Actualités - novembre 2024
L'annonce récente de la découverte d'une valse de Chopin inédite a fait le tour de la planète en quelques heures grâce à internet. On mesure à quel point tout ce qui entoure la vie et l'œuvre du compositeur passionne immédiatement le public du monde entier.
Je n'échappe pas à cet engouement et j'avoue avoir immédiatement cherché à voir le manuscrit de cette feuille de musique, retrouvée par miracle à l'occasion d'un archivage des documents provenant d'une succession.
Au-delà des analyses faites pour authentifier le document (papier, encre, graphisme) qui semblent bien confirmer que Chopin était l'auteur de cette pièce, la question essentielle concernait l'intérêt musical qu'elle présente.
Pour cela, une analyse plus "musicale" était nécessaire afin de comprendre le caractère de cette valse, les principales caractéristiques de sa construction, certes brève mais toutefois achevée dans sa forme.

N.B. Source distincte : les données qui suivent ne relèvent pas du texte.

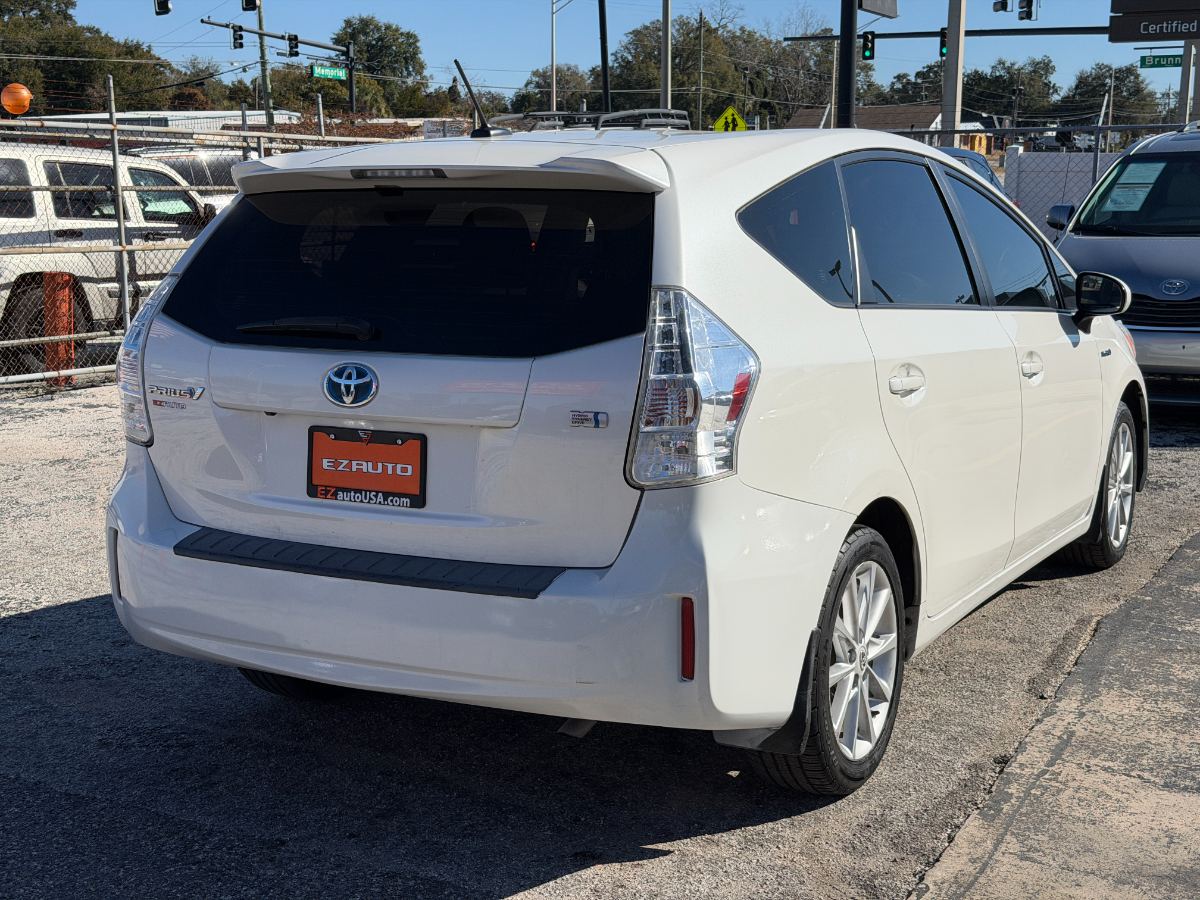 2013 Toyota Prius v photo 29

La tonalité de la mineur (qui est celle aussi de la valse op. 34 n° 2) lui confère immédiatement une certaine nostalgie, un peu de ce Zal caractéristique de la musique de Chopin. Aucune indication de tempo ne figure et elle peut aussi bien se jouer rapidement que lentement, ce qui influe sur l'effet qu'elle produit. Personnellement, je la classe plutôt du côté des valses lentes, ce qui convient à sa couleur, d'autant que la partie mélodique possède des ornements et des intervalles caractéristiques du "bel canto" si cher à Chopin.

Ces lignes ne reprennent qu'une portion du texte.